新型コロナウイルスの影響によって、世界的に多くの企業が店舗の休業などの対応が必要となりました。そんななかで、顧客との結びつきを強めるための方法として、AI(人工知能)やAR(拡張現実)が注目されています。
今回は、AI・ARなどのデジタル技術を販売に活かす3つの新興企業を紹介します。
ブランドと顧客をつなげる「デジタルチャネル」が注目されている
従来、ブランドは顧客と繋がるデジタルチャネルの手段として、WebサイトやSNSを中心に活用してきました。主に実店舗に頼ってきた企業においても、これらのデジタルチャネルは今回のコロナ騒動によって、より重要性を増してきたといえるでしょう。
デジタルチャネルは次々と新たな技術を用いて増えており、今までになかった便利なサービスは消費者に新たな消費体験を与え、ブランドの評価を上げることに繋がります。しかし、多くのブランドはこのようなデジタルチャネルをはじめから持っているわけではありません。
多くは新興企業などとの連携によって実現しており、今回は今後注目されると思われる新興企業について紹介します。
アテンティブ・モバイルのモバイルメッセージング
アテンティブ・モバイルはアメリカのニューヨークを拠点とする企業です。モバイルメッセージングを通じて小売やブランドと顧客をつなぐサービスを展開しています。
カートに入れたまま決済されていない商品や、セール商品・おすすめ商品などを顧客に対して個別にメッセージを送ることで販促するサービスです。
アメリカでは「コーチ」や「パクサン」といった企業が利用しています。アテンティブ・モバイルによれば、自社サービスを使っているブランドは顧客あたりの売上高が電子メールによるキャンペーンと比べて、最大10倍に増えるとのこと。
パーフェクト・コープのARバーチャルメイク
パーフェクト・コープはアメリカのカリフォルニアを拠点とする企業で、バーチャルメイクのARツールなどの美容プラットフォームを提供しています。動画のライブ配信でメイクレッスンを提供したり、ARで試せる商品を利用者にすすめる機能を支援したりしているのです。
今回のコロナ騒動では、顧客のバーチャルメイクの利用は3割ほど増えており、ライブ配信の閲覧時間は2倍に増えているとのこと。ARツールは美容アイテムのコンバージョンを増やす手段として効果が実証されていることをご存知でしょうか。

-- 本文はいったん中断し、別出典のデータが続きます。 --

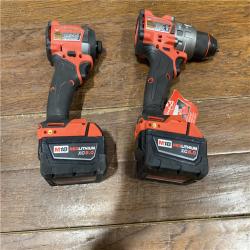 AS-IS MILWAUKEE M18 FUEL 18V Lithium-Ion Brushless Cordless Hammer Drill and Impact Driver Combo Kit (2-Tool) with 2 Batteries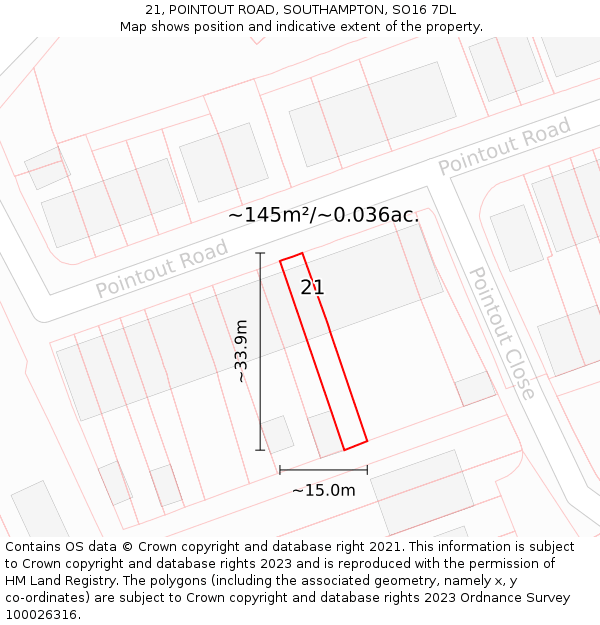 21, POINTOUT ROAD, SOUTHAMPTON, SO16 7DL: Plot and title map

たとえば、フランスの「ロレアル」では、2019年にARでメイクを試した顧客の購入率は、そうでない顧客と比べて10%高かったことを明らかにしています。
ニューストアのオムニチャネルサービス
ニューストアはアメリカのボストンを拠点とする企業です。受注配送システムやオムニチャネル機能などのプラットフォームを提供しています。
同プラットフォームでは店舗の店員がオンライン在庫にアクセスして、ネット注文の配送や返品などを店舗で処理することが可能となります。モバイルPOS技術を活用することで、店舗のデジタル化ができるのです。
ニューストアはアメリカの「ダイアン・フォン・ファステンバーグ」や「アウトドア・ボイシズ」などのブランドで採用されており、店舗とネットを融合させたオムニチャネルサービスを提供しています。